* _Prompt_
All of the data goes into your copy exactly as written. Images do not.

(Caption-style text data)
┄┄┄┄┄┄┄┄┄┄┄┄┄┄┄┄┄┄┄┄

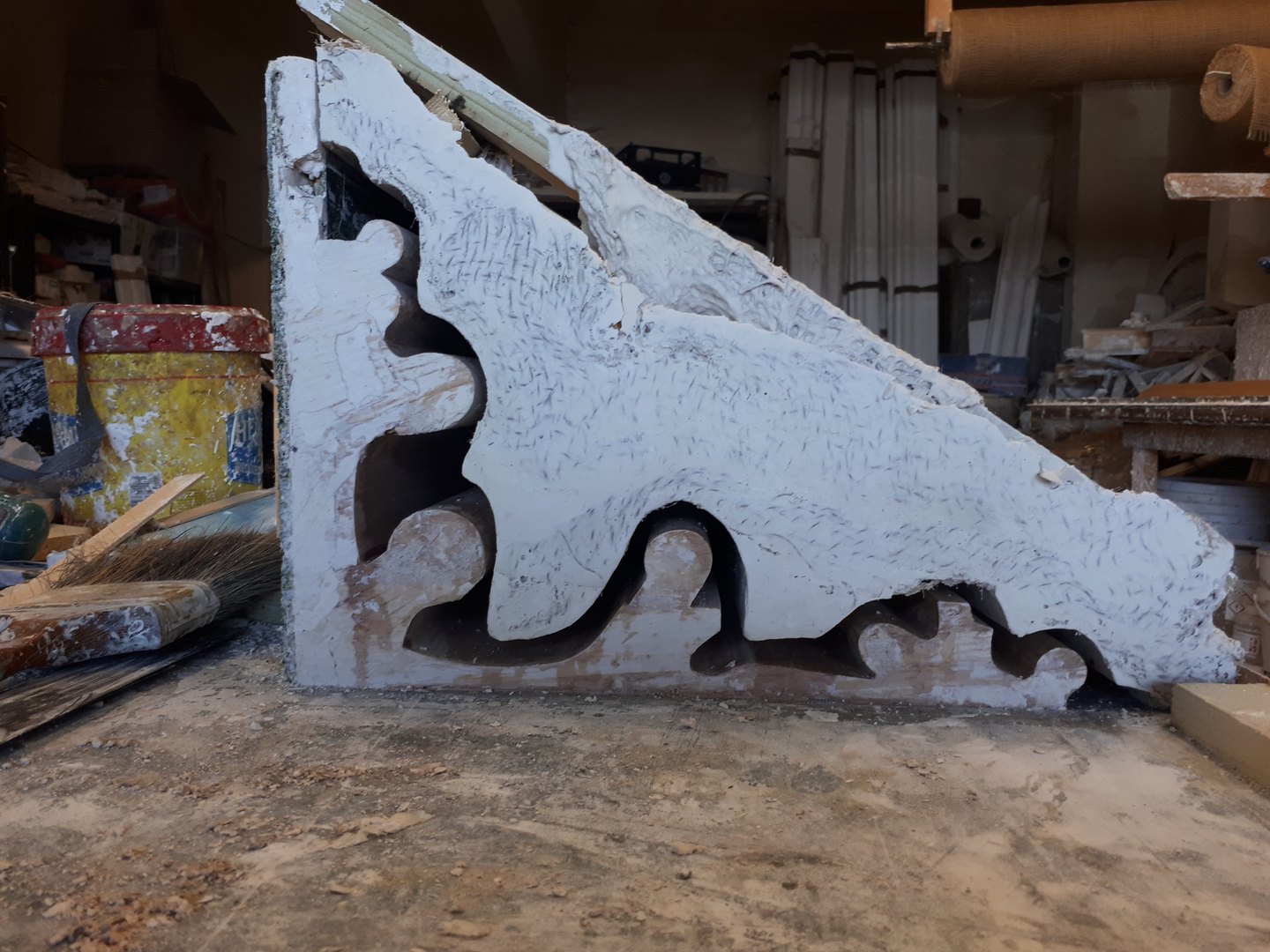 A rubber mould for a length of cornice being made in the workshop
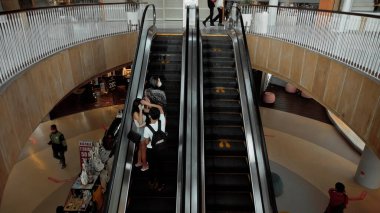 Kuta, Kabupaten Badung, Bali, Endonezya - 6 Kasım 2020: Toplumsal mesafeyi korumak için ayak izi işareti olan bir alışveriş merkezinde siyah merdiven yürüyen merdiven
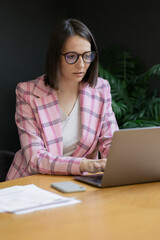 European confident business woman in a pink jacket and with a laptop in her office working, modern young business woman director working in her office and talking on the phone with colleagues, online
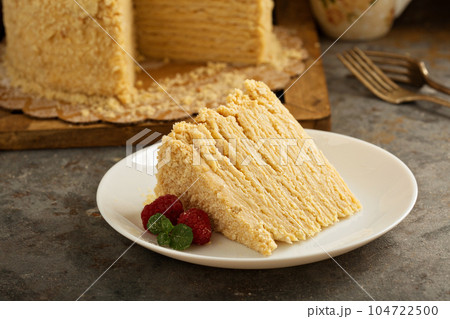Napoleon layered cake with macarons and raspberry 104722500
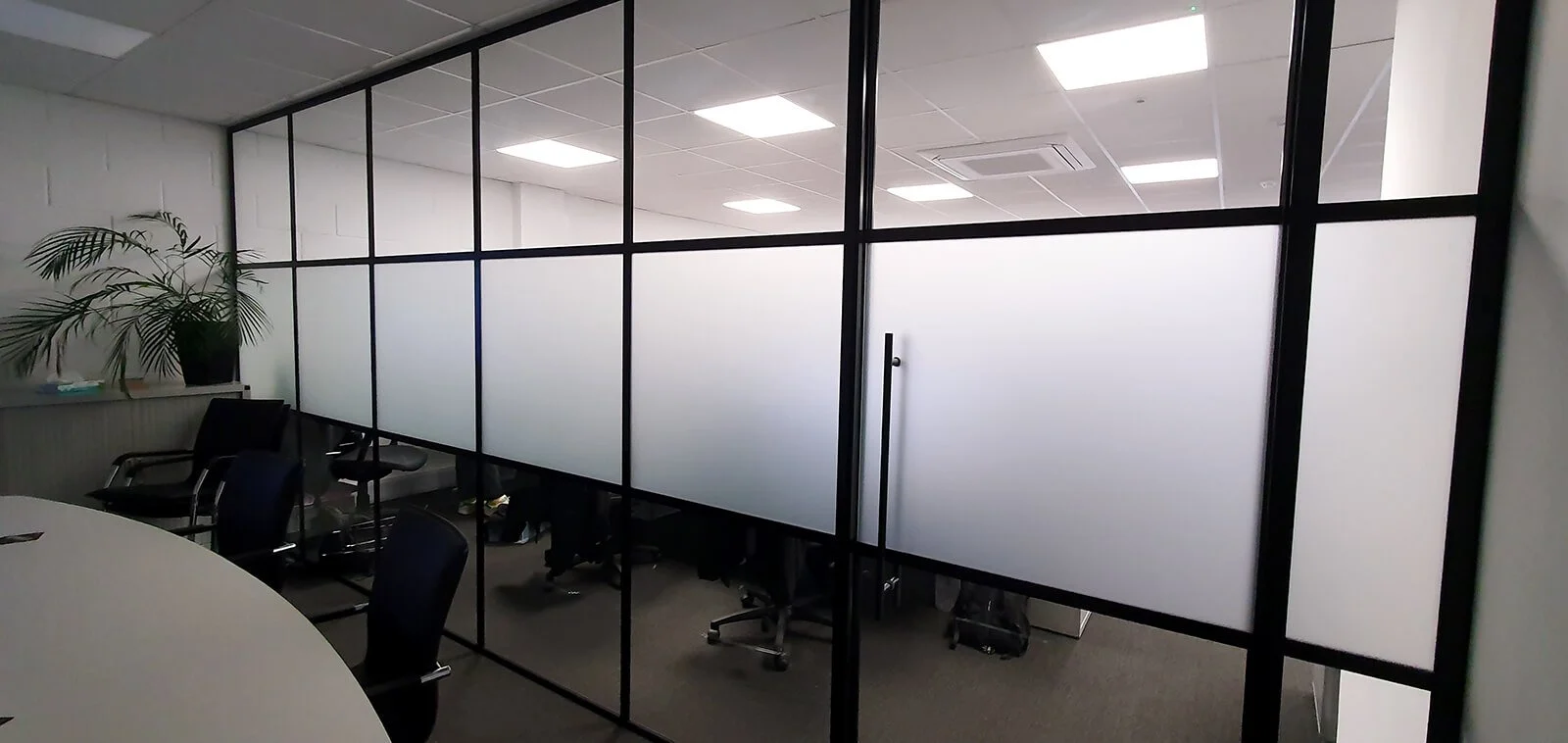 office glass partition with frosted manifestation window film for privacy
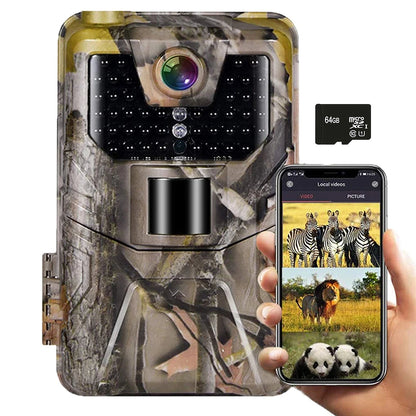 A camouflage MosSnapie Wildlife Camera with a built-in smartphone holder, shown alongside a hand holding a smartphone displaying safari animal photos, and a small 64GB microSD card on a white background.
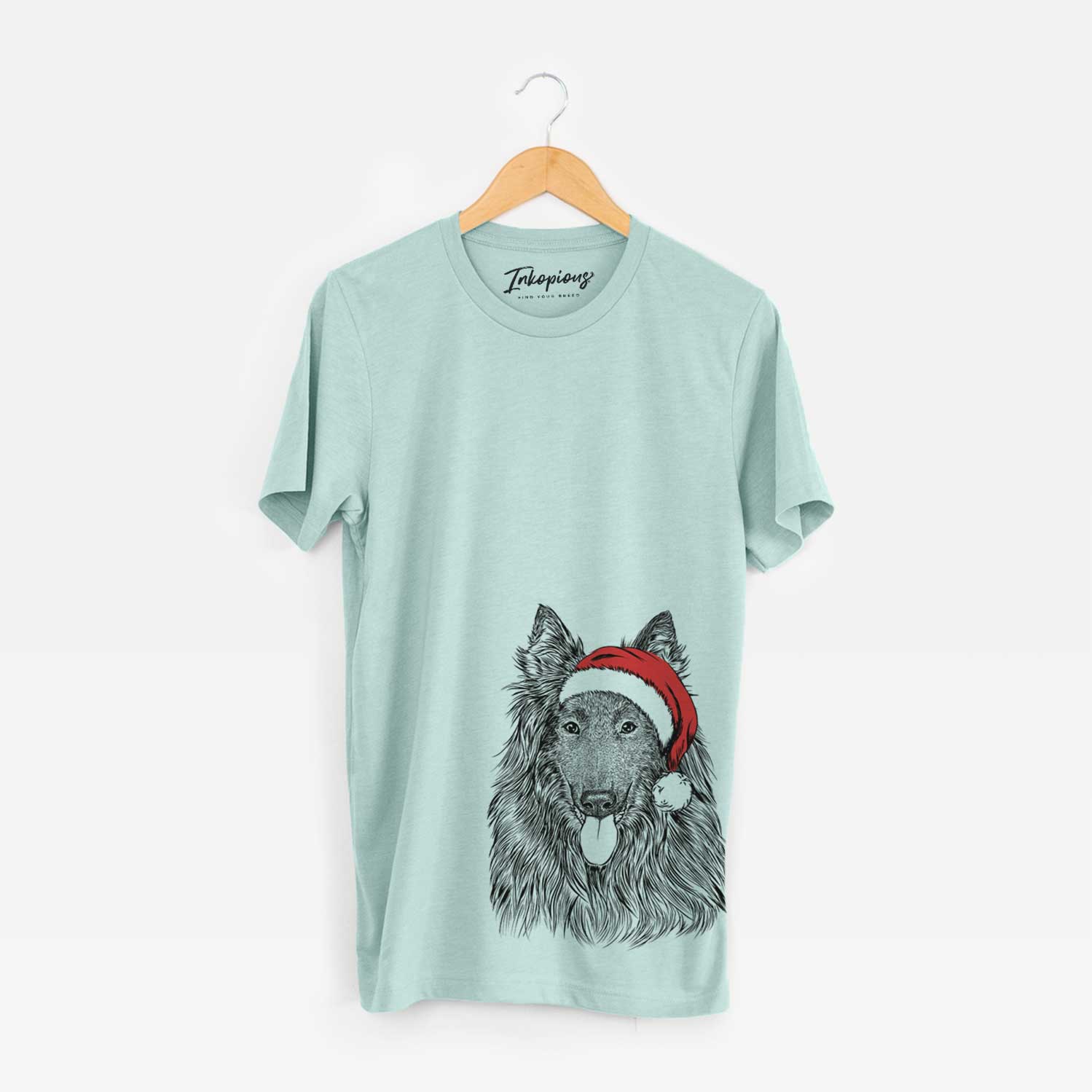 Hand-drawn sketch of Daan the Belgian Shepherd wearing a Santa hat on a Heather Sage Unisex crewneck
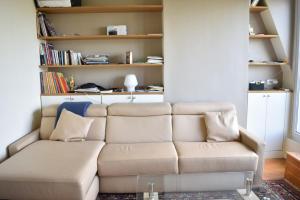 a living room with a couch and bookshelves at Fully Renovated Bright Studio With High View in Paris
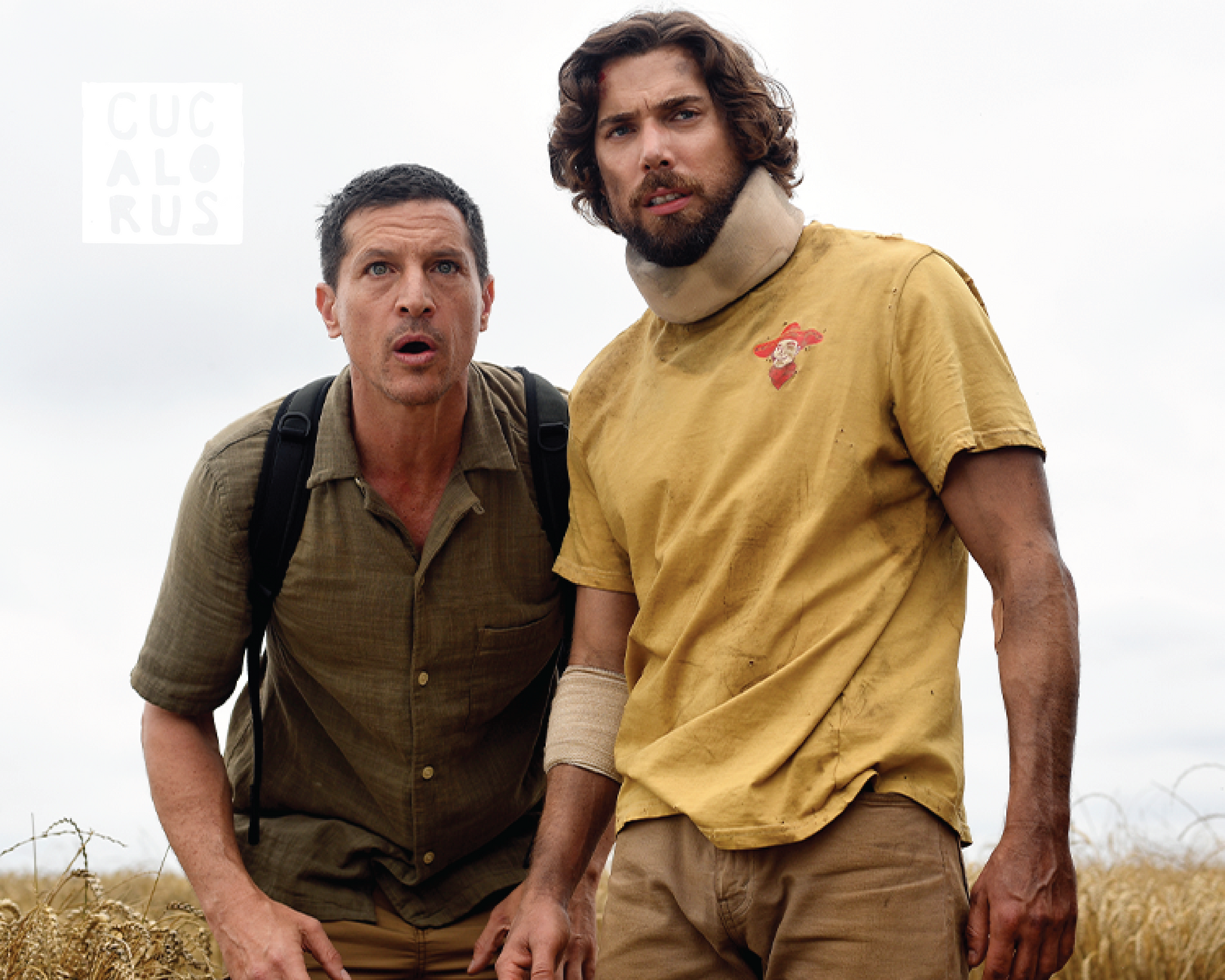 Two men crouch in a dry field under a bright sky, looking toward the camera.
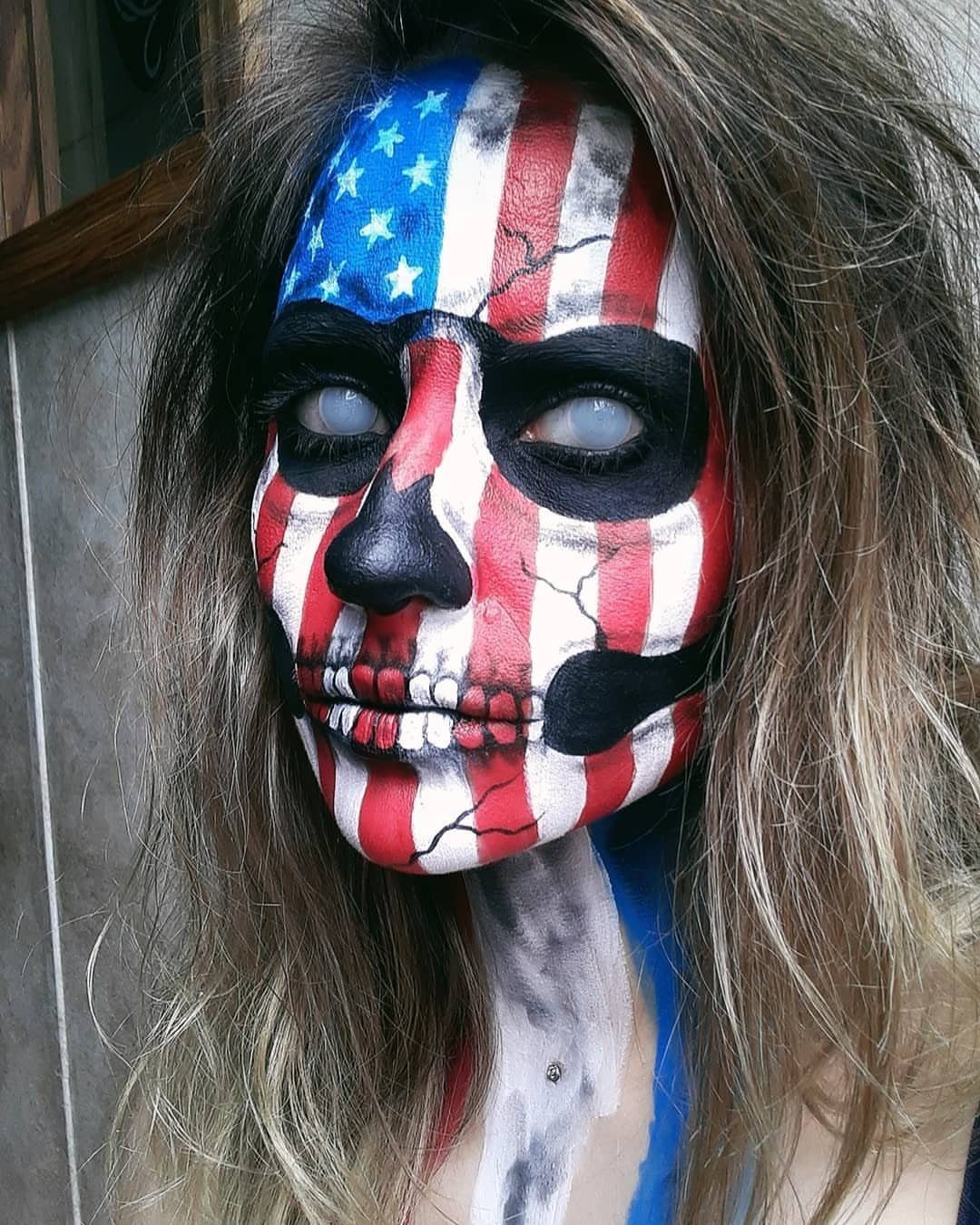 Person with skull face paint in American flag red, white, and blue colors.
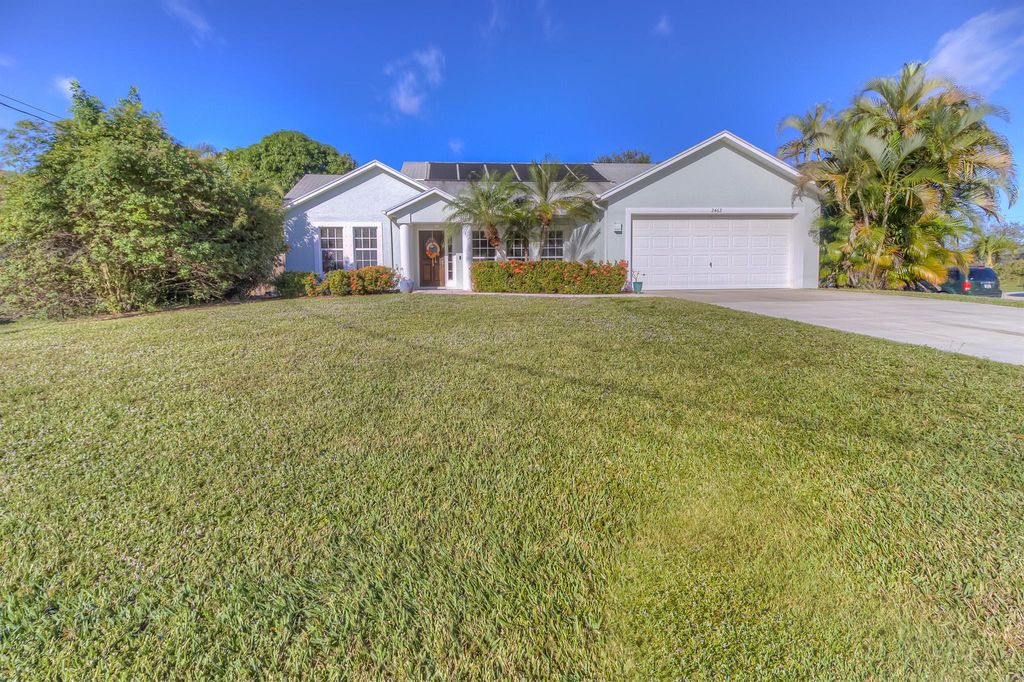 Photo of 2462 SW Valnera Street, Port Saint Lucie, FL 34953 (MLS # R10946980)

┄┄┄┄┄┄┄┄┄┄┄┄┄┄┄┄┄┄┄┄

* _Solution for this exercise_
 A rubber mould for a length of cornice being made in the workshop
 Kuta, Kabupaten Badung, Bali, Endonezya - 6 Kasım 2020: Toplumsal mesafeyi korumak için ayak izi işareti olan bir alışveriş merkezinde siyah merdiven yürüyen merdiven
 European confident business woman in a pink jacket and with a laptop in her office working, modern young business woman director working in her office and talking on the phone with colleagues, online
Napoleon layered cake with macarons and raspberry 104722500
 office glass partition with frosted manifestation window film for privacy
 A camouflage MosSnapie Wildlife Camera with a built-in smartphone holder, shown alongside a hand holding a smartphone displaying safari animal photos, and a small 64GB microSD card on a white background.
 Hand-drawn sketch of Daan the Belgian Shepherd wearing a Santa hat on a Heather Sage Unisex crewneck
 a living room with a couch and bookshelves at Fully Renovated Bright Studio With High View in Paris
 Two men crouch in a dry field under a bright sky, looking toward the camera.
 Person with skull face paint in American flag red, white, and blue colors.
 Photo of 2462 SW Valnera Street, Port Saint Lucie, FL 34953 (MLS # R10946980)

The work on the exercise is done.